On tangue doucement au rythme de la délicate guitare, on ferme les yeux par moments, puis on se lève et on applaudit très, très fort.

Son père va être content.

On renfile nos bottes à douilles (bottes de pluie, pour les non-Beaucerons) et on marche jusqu’à l’autre type d’église qu’on a au Québec : l’aréna.

Là nous attend l’inverse de la performance presque chuchotée de Larsen. On peut déjà le deviner à voir le nombre de musiciens qui attendent sur scène l’arrivée des trois grandes dames qui s’apprêtent à nous en mettre plein la casquette avec leurs voix.

Elles. Pas juste le pronom, Elles, le trio. C’est ça, le nom.

Elles sont Luce Dufault, Kim Richardson et Lulu Hughes.

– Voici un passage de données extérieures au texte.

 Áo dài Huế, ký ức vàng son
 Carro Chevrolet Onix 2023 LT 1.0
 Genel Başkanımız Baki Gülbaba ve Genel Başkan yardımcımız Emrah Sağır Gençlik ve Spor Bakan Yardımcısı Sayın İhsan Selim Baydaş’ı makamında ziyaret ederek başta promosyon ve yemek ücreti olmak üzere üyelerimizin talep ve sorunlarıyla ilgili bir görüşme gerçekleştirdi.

C’est genre les Avengers québécoises du soul et du blues. L’une a chanté aux côtés de Stevie Wonder, l’autre avec Barry White, puis la troisième, ben c’est Luce Dufault.

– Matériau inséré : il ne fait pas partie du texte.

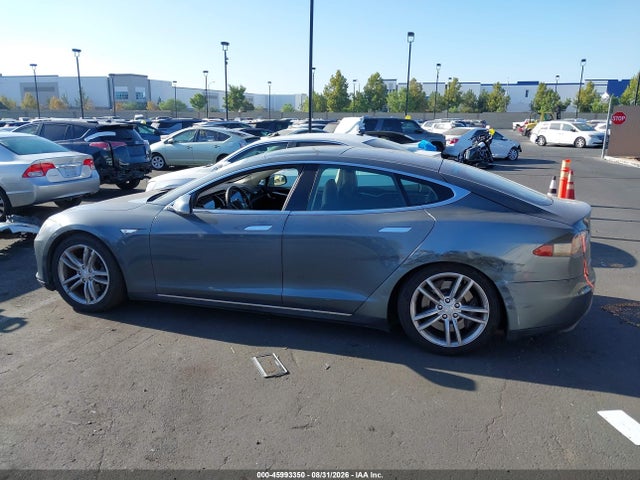 45993350 :رقم المزاد ، 5YJSA1CN5DFP10036 vin ، 2013 Tesla Model S مزاد بيع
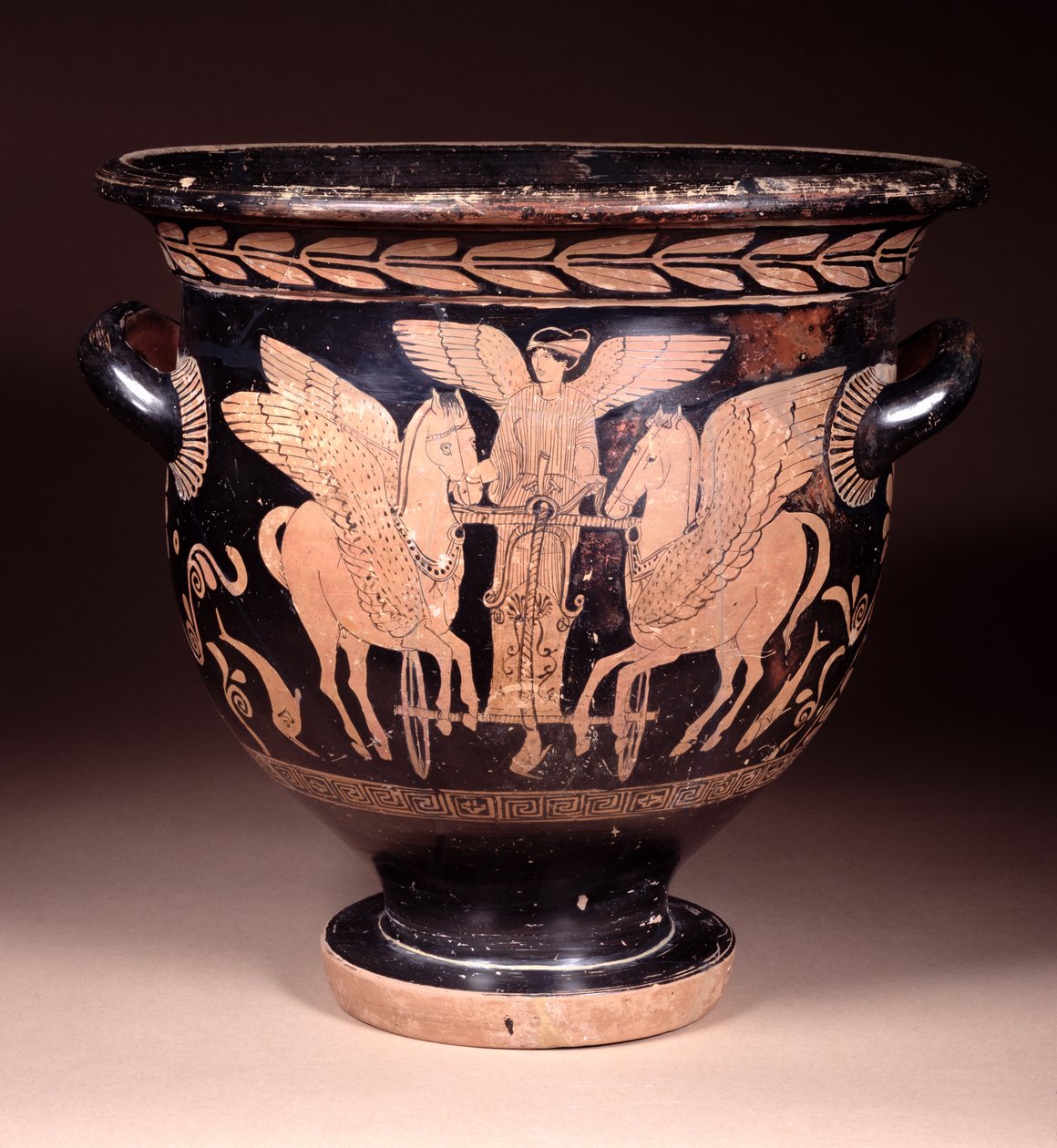 Krater de sino de figura-vermelha representando Eos montando sua carruagem do mar, Lucanian, c.440-420 BC (cerâmica) de Pisticci Painter
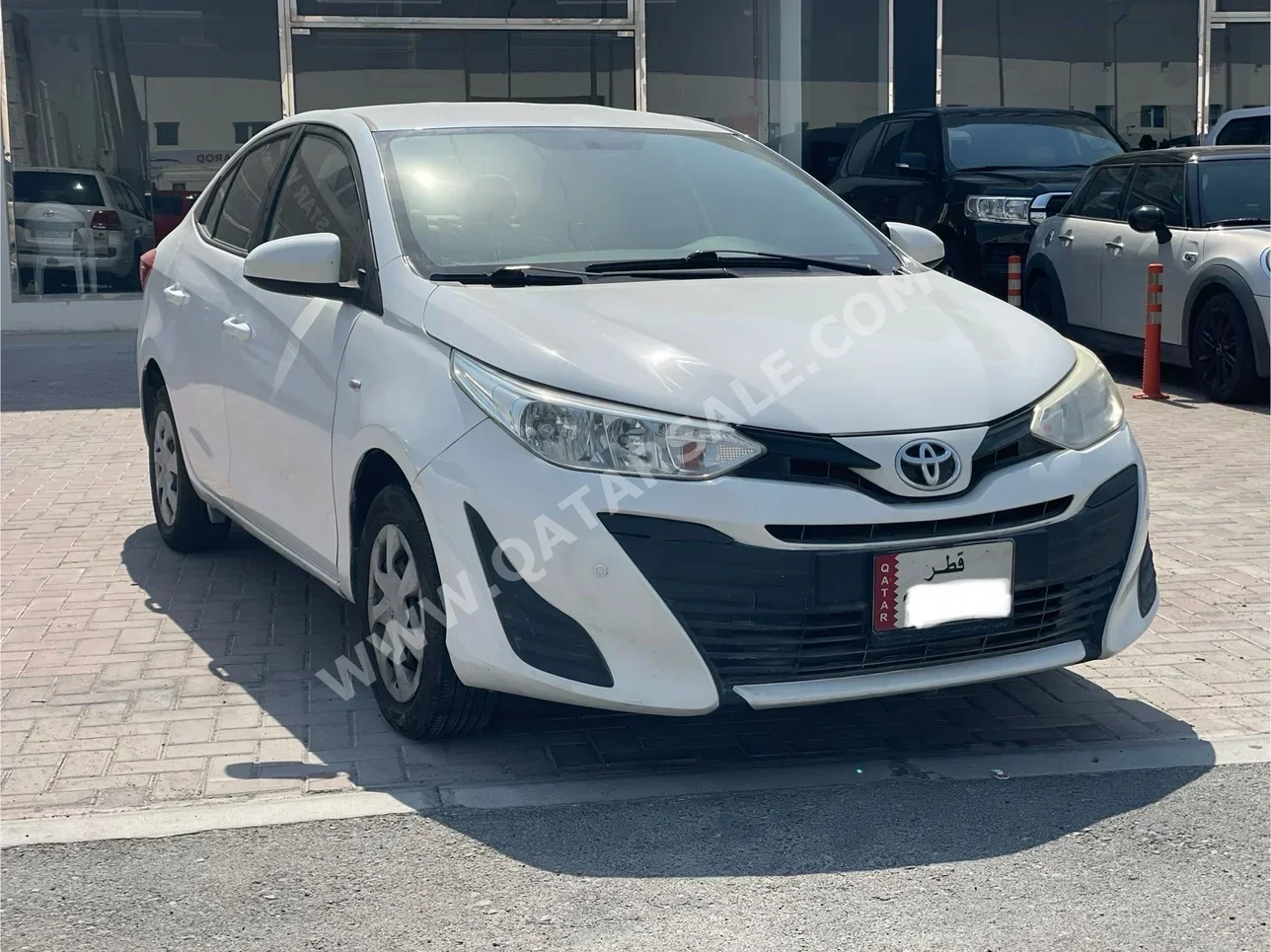 Toyota Yaris 2019 Automatic 240,000 Km 4 Cylinder Front Wheel Drive (FWD) Sedan White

Malgré la formule « chansonnier » qui peut parfois donner un air cheapette à ce type de spectacles (vous souvenez-vous de Forever Gentlemen, le trio composé de Garou, Corneille et Roch Voisine? J’ai pas vu le concert, mais j’ai vu les affiches dans le métro de Paris et je peux assurer que ça, c’est cheapette), Elles réussissent à garder la classe tout en ayant une mise en scène chorégraphiée où chacune a droit à son moment pour briller.

De Etta James à Aretha Franklin à Fleetwood Mac à, un peu étrangement, Simon and Garfunkel, toutes les grandes voix y passent. On couvre même quelques morceaux gospel, pour poursuivre la thématique d’église installée plus tôt.

Elles impressionnent par la puissance derrière leurs cordes vocales, leur justesse, leur aisance, le tout appuyé par le talent de leurs musiciens qui ont franchement l’air des Dap-Kings québ.

Fou d’être encore capable de pousser la note comme ça à leur âge vénérable. Moi, j’ai 36 et le dos me bloque si j’éternue.

Faut vraiment que je me remette au gym.

À défaut d’être près d’un Éconofitness à ce moment, j’opte plutôt pour aller danser. Fait que c’est direction la plage de Carleton pour la soirée SAT & MUTEK où Melek, Korea Town Acid et Jamvvis se partageront les platines.

Je mentirai pas, c’est toujours tricky de faire la critique d’une performance de DJ. Le beat était bon, les transitions étaient smooth. C’est surtout la foule, au final, qui donne la critique en temps réel. Et là, le verdict était : on est sur le party, on s’en fout de la pluie, on danse.

Et n’est-ce pas là une meilleure expression de l’appréciation d’un spectacle que n’importe quels de mes humbles mots.